China faces less pressure from capital outflows, according to data released by its currency regulator on July 20, and economists said the situation may continue to improve in the second half of this year.
China’s banks sold a net $93.8 billion of foreign exchange to clients in the first six months of this year, down 46 percent year-on-year, according to data released by the State Administration of Foreign Exchange.
The foreign exchange savings by individuals dropped by $1.7 billion in the first half of the year, compared with a rise of $12.9 billion in the same period a year earlier, Wang Chunying, the administration’s spokeswoman, said at a news conference.
The falling net foreign exchange sales and savings, together with other statistics released by the regulator, show that “the cross-border capital flow situation China faces is improving in the first half of this year”, Wang said.
China has faced heavy capital outflow pressure in recent years, with its foreign exchange reserves falling to about $3 trillion at the end of 2016 from nearly $4 trillion in 2014. As the country’s economic fundamentals improve and its management of cross-border capital flow has strengthened in recent months, the situation has stabilized, with foreign exchange reserves rising for five consecutive months by June.
China’s GDP growth reached a faster-than-expected 6.9 percent year-on-year in the first half. Meanwhile, authorities have tightened checks of dubious overseas investment projects in some sectors, such as real estate, hotel and sports, which has helped reduce abnormal outflows of capital.
“In terms of supply-demand balance in the foreign exchange market, we are facing the best situation in three years,” Wang said.
Analysts said although China suffers from a foreign exchange sales deficit, it is not worrisome. “The SAFE (administration) data show the situation is improving, and so long as it is controllable, we should not worry about the deficit,” said Dong Yuping, an economist at the Chinese Academy of Social Sciences.
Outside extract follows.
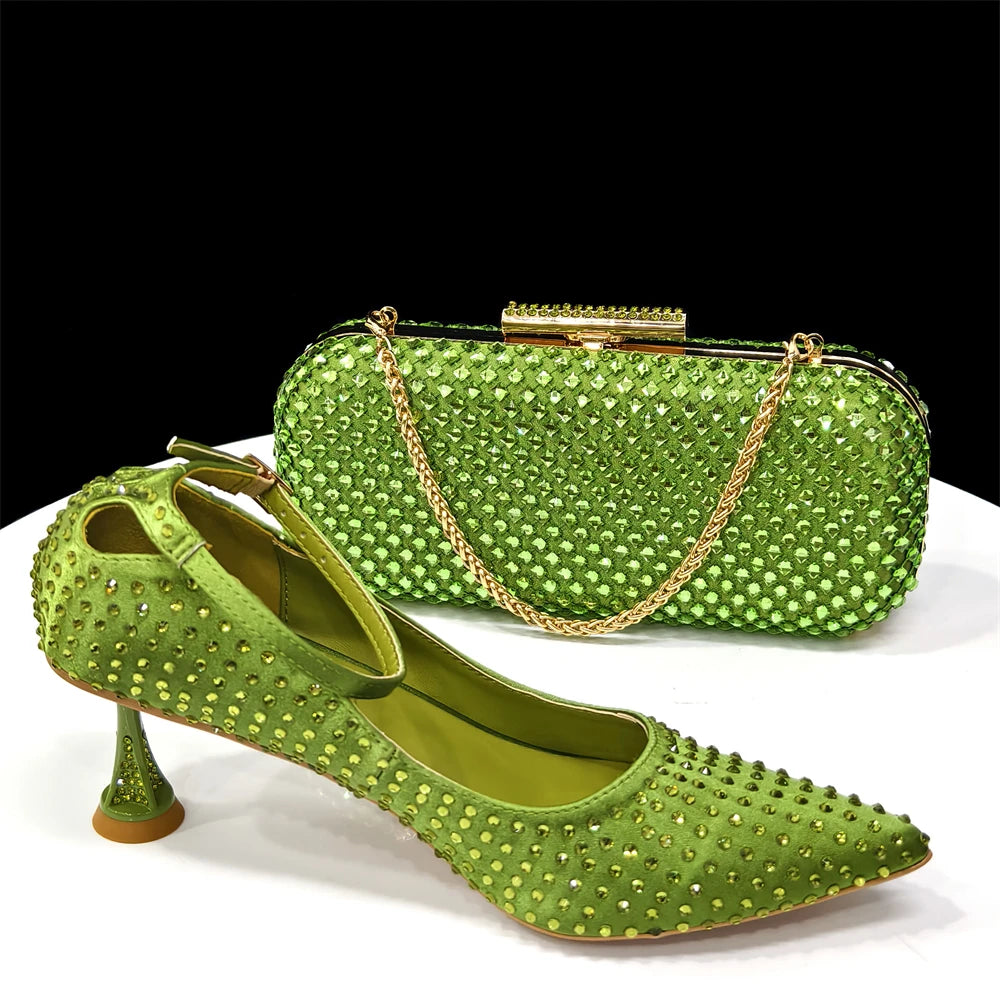 Doershow Italian Shoe and Bag Set New beautiful Women Shoes and Bag Set In GREEN Italian Shoes with Matching Bag set HSH1-1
Based on the current development, cross-border capital flows in terms of foreign exchange sales by banks may reach equilibrium in the fourth quarter of this year, with capital outflows largely matching inflows, said Chen Xingdong, deputy managing director and chief economist of BNP Paribas Peregrine Securities in China. “There could still be fluctuations in the third quarter, but balance is expected to emerge in the fourth quarter.”
Despite the tightening of dubious overseas investments in some sectors, Wang of the administration said China’s stance on supporting normal cross-border business deals has not changed.
“We support capable enterprises conducting genuine and normal foreign investment activities,” Wang said. “On the other hand, we will effectively guard against outbound investment risks.”